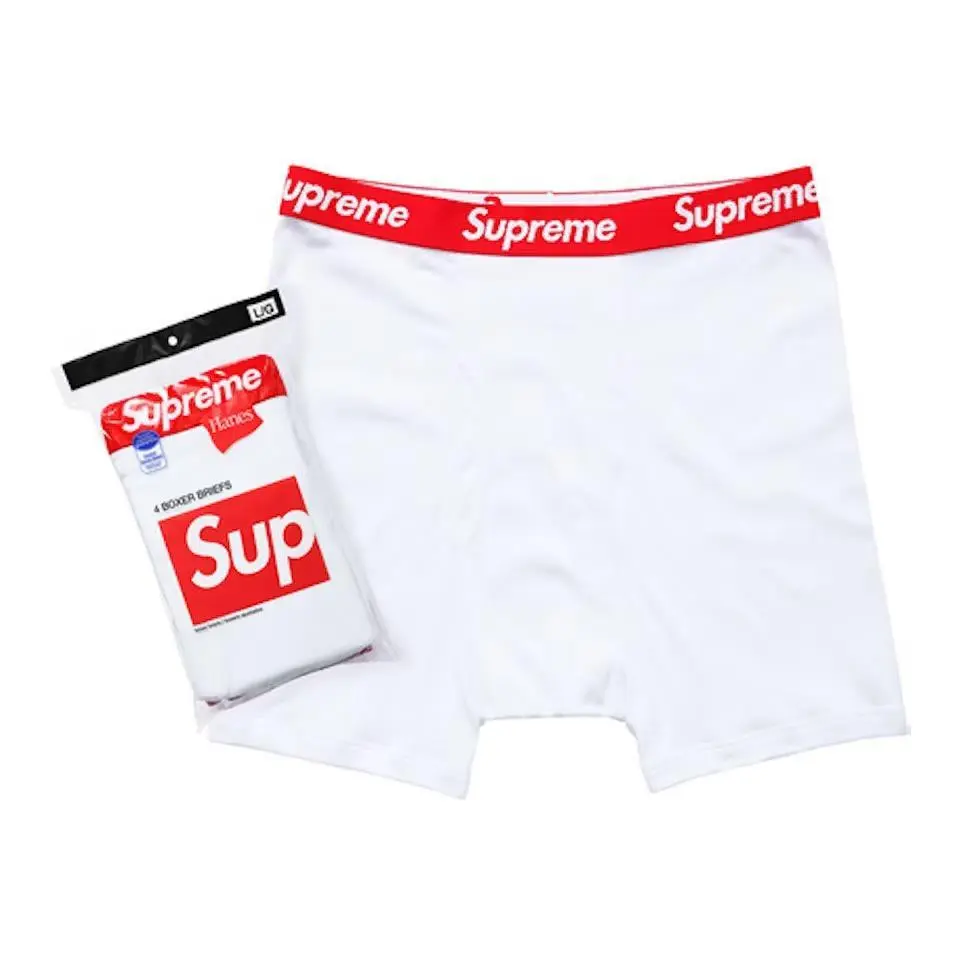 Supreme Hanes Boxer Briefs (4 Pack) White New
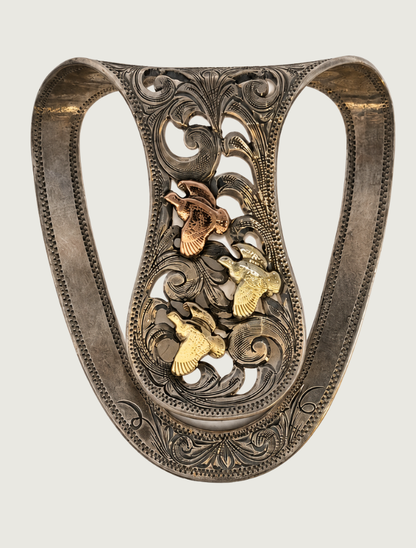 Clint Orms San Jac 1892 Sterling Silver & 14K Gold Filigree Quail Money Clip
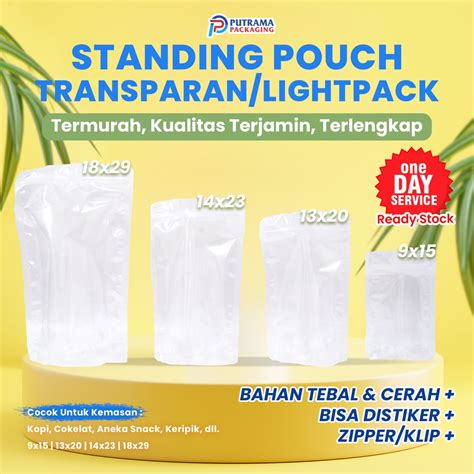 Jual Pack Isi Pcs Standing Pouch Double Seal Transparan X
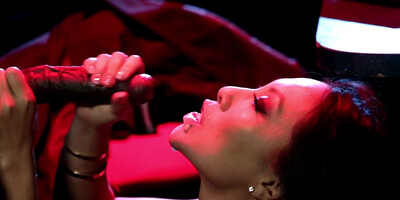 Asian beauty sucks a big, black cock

> **Exercise description**
Your task is to retype the listing exactly, without its pictures.

> **Solution below**
 Supreme Hanes Boxer Briefs (4 Pack) White New
 Clint Orms San Jac 1892 Sterling Silver & 14K Gold Filigree Quail Money Clip
 Jual Pack Isi Pcs Standing Pouch Double Seal Transparan X
 Asian beauty sucks a big, black cock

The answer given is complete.